La prière de l’absent
Cette soi-disant fortune peut la consoler mais ne peut en aucun cas lui ramener son fils perdu à jamais. Mohamed Bouazizi n’est plus là pour la combler de bonheur et de joie. Il est parti pour un monde meilleur en emportant avec lui son secret. Car seul Mohamed Bouazizi sait ce qui s’est réellement passé ce jour de 17 décembre 2010. Seulement ce qui est sur c’est que Mohamed Bouazizi est loin d’être un voyou comme le prétendent plusieurs témoins férus de racontars. Mohamed Bouazizi, jusqu’au 4 janvier 2011, date de son enterrement, était un parfait méconnu à Sidi Bouzid. Seuls les gamins de son quartier ont une vague idée sur sa personnalité. N’étant pas très beau et suffisamment cultivé, il menait son train de vie dans l’anonymat absolu. Il se contentait de gagner sa vie en vendant à la sauvette des fruits à la station des taxis tout près du siège du gouvernorat.
Il a eu des démêlées avec la police car il refuse de se plier aux exigences de ces hommes en uniforme. S’il était un soulard comme l’a prétendu un certain nombre de témoins, il aurait trouvé un terrain d’entente avec les policiers en les soudoyant avec de l’argent ou en leur servant d’indic. Seulement Mohamed Bouazizi a préféré dire non à l’injustice et il l’a payé de sa vie.
Il s’est suicidé et de quelle manière, en s’immolant par le feu, juste devant le siège du gouvernorat. Il n’était pas un désespéré qui allait mettre fin à sa vie en se jetant du dernier étage d’un immeuble ou au passage d’un train après avoir écrit une lettre d’adieu. Mohamed Bouazizi a sûrement réfléchi sur la gravité de son acte en s’immolant par le feu devant le siège du gouvernorat, c’était le message qu’il a envoyé aux autorités mais il n’aurait jamais imaginé que son sacrifice allait changer le cours de l’histoire du monde arabe et de l’univers entier.
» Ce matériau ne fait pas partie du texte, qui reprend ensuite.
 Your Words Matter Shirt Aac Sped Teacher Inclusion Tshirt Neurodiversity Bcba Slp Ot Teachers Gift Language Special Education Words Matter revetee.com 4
L’honneur perdu de maman courage
Ce sacrifice a complètement métamorphosé le destin de Manoubia Bouazizi. Jadis une femme inculte qui travaillait la terre et procédait à la cueillette des olives. Là voilà transformée en femme du monde, cultivée et bien rodée pour répondre aux questions des journalistes et personnalités politiques qui ont accouru de tous les coins de la planète pour la rencontrer et s’enquérir de la personnalité de son fils disparu.
L’on peut se demander comment une femme si douce et timide comme Mme Bouazizi peut-elle aller jusqu’à insulter un juge devant des témoins en plein centre du palais de la justice. Il faut vraiment qu’elle soit fortement agacée pour aller jusqu’à offusquer un juge dans son terrain de prédilection. Ces hommes en robe noire qui représentent la loi et la justice, ne sont pas tous des anges, il leur arrive aussi de commettre des fautes. Seulement, ils sont rarement inquiétés car on voit mal un quidam aller jusqu’à porter plainte contre un juge pour injure ou diffamation, et si par malheur l’impossible devrait se produire, l’affaire serait sûrement classée avant d’arriver à la chambre d’accusation.
S’il y a quelqu’un qui doit présenter des excuses, ce ne sera sûrement pas Mme Bouazizi à qui tout le peuple tunisien doit une fière chandelle. Elle a eu le mérite d’avoir enfanté un brave garçon qui est venu, par son sacrifice, délivrer la Tunisie de la tyrannie. Son incarcération est une honte pour la Tunisie qui se veut être sur la voie de la démocratie.